Memory usage for gate sim
Added by Guy Hutchison about 2 years ago
Hi,
I'm trying to use Verilator for a large gate simulation, and the memory consumption is too high for it to complete the compile step. I'm compiling on a machine with 8GB of memory and verilator rapidly uses up all memory on the machine and effectively brings it to a halt.
Is there a way to have Verilator break down its optimization so it only works on parts of the design at at time? I've tried output-split but it's not helping.
Thanks,
Guy
Replies (7)
RE: Memory usage for gate sim - Added by Wilson Snyder about 2 years ago
--output-split usually does it. There was one version of GCC (4.2.1) that seemed to have a bug where it would use infinite memory with -O2; the only solution was to use -O1 on a few files; you can try that.
RE: Memory usage for gate sim - Added by Guy Hutchison about 2 years ago
Hi,
Just reread my original post and I used the wrong terminology. It's not GCC that's running out of memory, it's the Verilator binary during the Verilog->C conversion process. It seems that some part of the optimization verilator does scales with design size, so if I feed it a very large number of instances, it can't complete the job.
Thanks,
Guy
RE: Memory usage for gate sim - Added by Wilson Snyder about 2 years ago
Yes, that's quite different. Verilator needs to flatten the whole design, so needs several times as much memory as the final simulation will. That said 8GB is larger than I've ever needed myself.
It may be that the design exposed a memory leak, causing it to run out of memory. Try using --debug --no-dump-tree while running "top" or "ps" in another window. See if the memory is all sucked up at once (likely bug) or dribbles (probably just need more memory). You can also crtl-c and "c" (continue) and "bt" backtrace in gdb to see where it is in the code while consuming memory.
RE: Memory usage for gate sim - Added by Guy Hutchison about 2 years ago
I reran with the above two options and memory usage seems to build slowly up to its maximum usage. There are several steps which cause large jumps in memory usage.
Initial memory usage grows rapidly during parsing to 2.8G Growth is slow through remaining steps until V3LinkDot:729, which jumps from 3.7G to 4.7G
Memory usage is stable through several more optimization steps until V3Inline.cpp:426 V3Tristate:696 increases from 4.7 to 4.9 V3Unknown:468 increases to 5.3 V3Inline:426 grows until it consumes all memory on the machine and it starts thrashing.

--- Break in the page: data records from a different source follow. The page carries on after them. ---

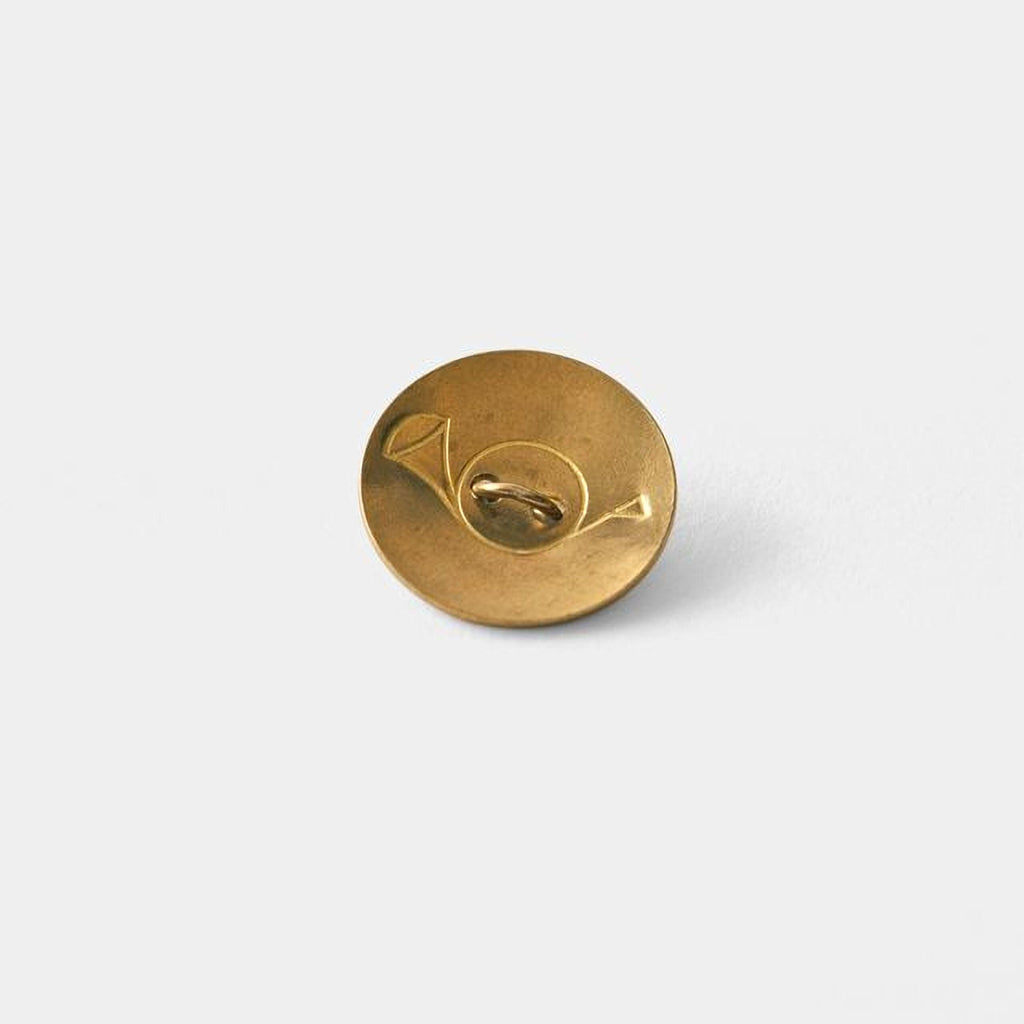 A single, round, gold-colored button with a unique design is shown against a plain white background.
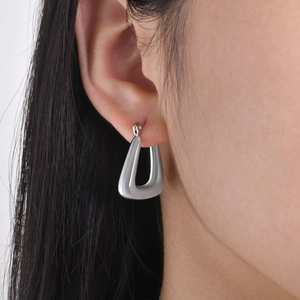 Minimalist stainless steel U-shaped hoop earrings worn by a model in a modern style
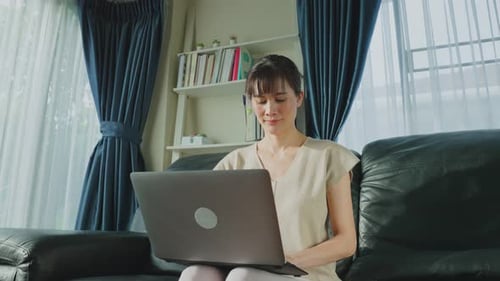 Asian Happy business woman office worker use laptop computer work from home in living room.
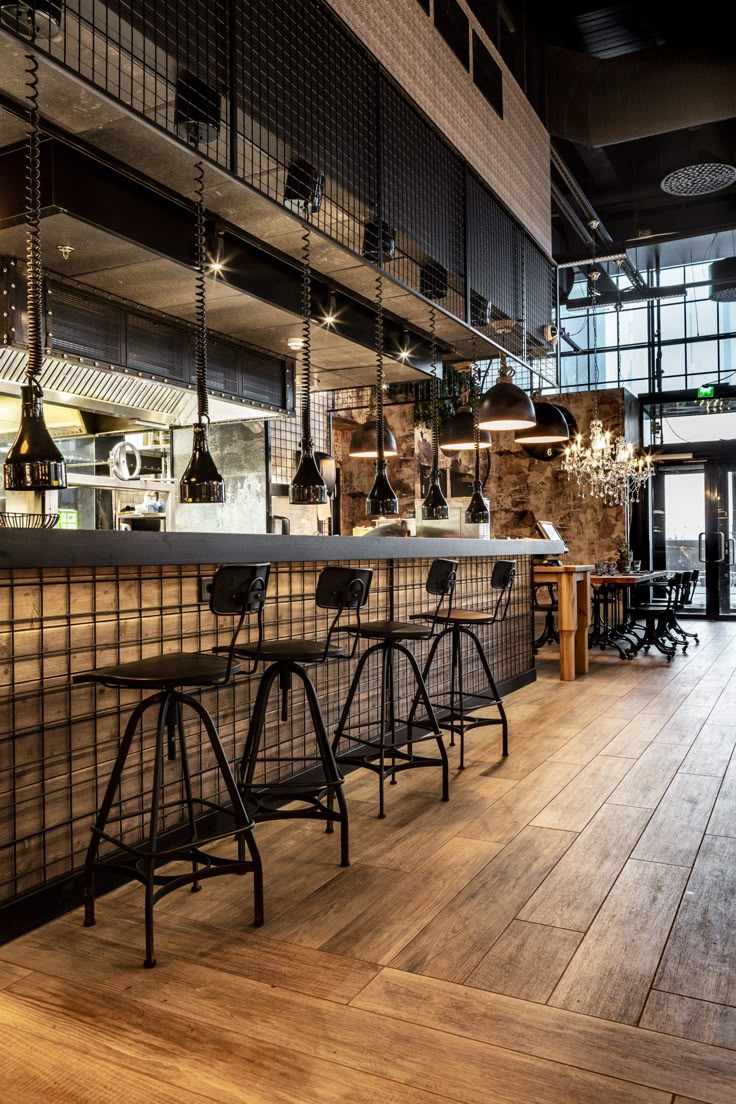 an empty restaurant with bar stools and wooden flooring in the foreground, lights hanging from the ceiling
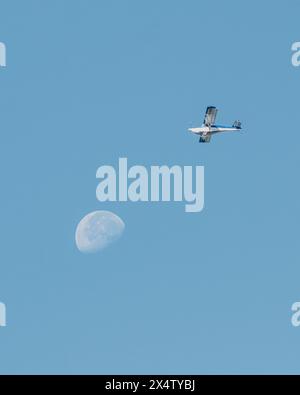Airplane flies near moon against clear blue sky Stock Photo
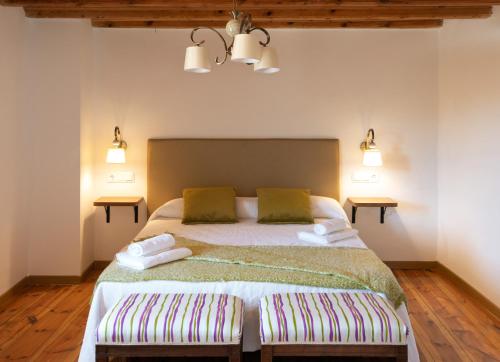 a bedroom with a large bed with two pillows at Casa Rural Pozo Roñañuela in El Royo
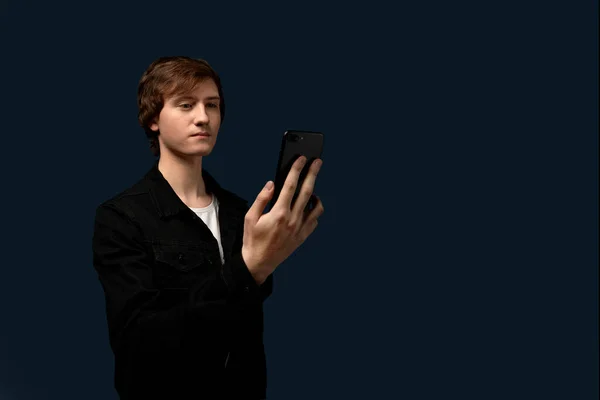 Хлопець із зачіскою дивиться на мобільний телефон . — стокове фото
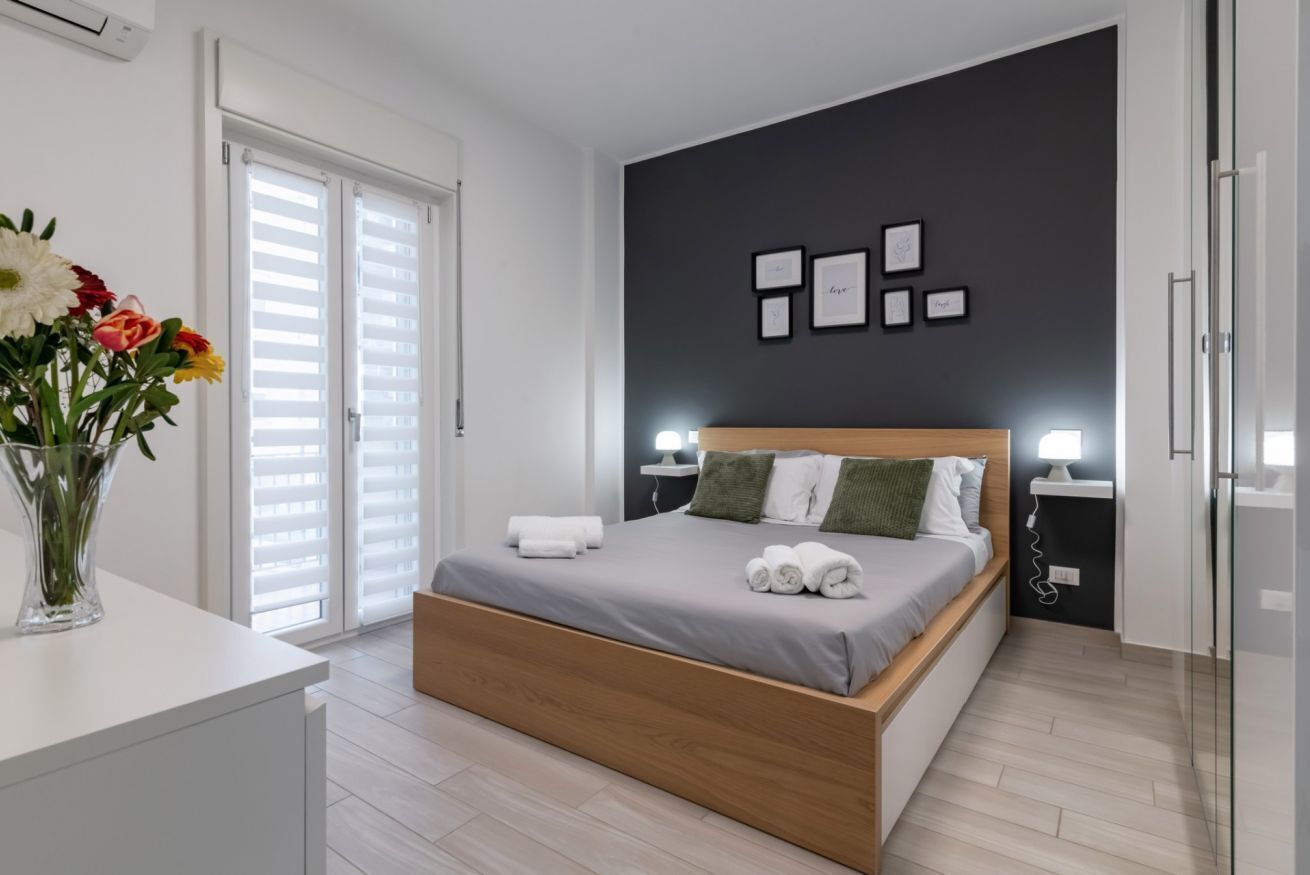 Une chambre à coucher moderne, avec un lit, des tables de chevet, un vase de fleurs et un mur orné de tableaux encadrés.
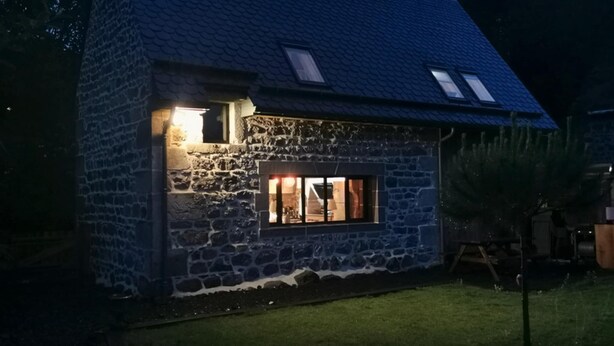 Ein Haus aus Stein mit geneigtem Dach, einem kleinen Fenster und einem beleuchteten Innenraum.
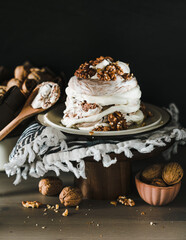 cake with chocolate summer dessert Pavlova with walnuts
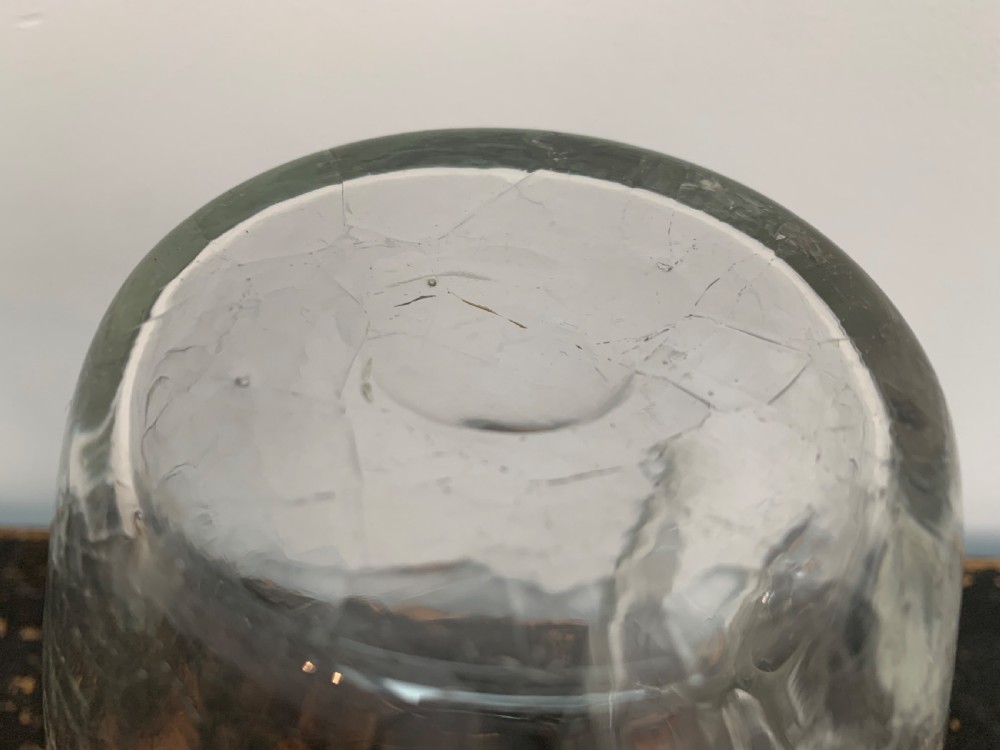 A clear blown glass jug featuring an all-over crackle finish and an integrated vertical handle. View X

At this point I need to kill the job because it has brought the machine to a near halt. Peak memory usage is 7.0G resident, 7.6G virtual.
BTW, the documentation mentions that Verilator moved away from straight translation of Verilog->SystemC a while ago. Is there a revisionary mode where it can go back to just doing basic translation?
Thanks,
Guy
RE: Memory usage for gate sim - Added by Wilson Snyder about 2 years ago
A 2.8GB parse is huge. Given the size of chip this must be, I suspect you have some larger servers somewhere :)
There isn't a straight translation any more, and it wouldn't be that much smaller anyhow as gate level models have so many instantiations. However you can use the -O{letter} options to disable some optimizations which may save memory.
Out of curiosity, why use Verilator for gate sims? Usually gate sims are on a signoff simulator where you also care about Xs and possibly back annotated timing.
RE: Memory usage for gate sim - Added by Guy Hutchison about 2 years ago
Actually, this isn't a particularly large chip. The block we are working on is about 6mm^2 in 65nm, which comes out to roughly 3-4M gates. Part of the problem is that we don't do signoff sims any more -- signoff is basic on static timing, and we don't necessarily have gate sim that is clean. We almost certainly have servers within the company that have more than 8G memory, but I would have to go find them. :)
In particular, this block has difficulty coming out of reset because of X-feedback, and we're trying to simulate an ECO change that only occurs after a fairly large amount of traffic. Since I would like the simulation to complete in my lifetime, doing a cycle-based 2-state simulation of this seemed like a good idea.
RE: Memory usage for gate sim - Added by Wilson Snyder about 2 years ago
I'm surprised it's that size, as larger designs have finished in 4GB, but maybe it's something to do with the cell library.
BTW if your problem is Xs, check your simulator manual; several have added randomize-X's flags recently. If you don't have that, I have a PLI script to get rid of them. Let me know and I'll dig it up; it'll take a dayish as I need to insure the code is releasable.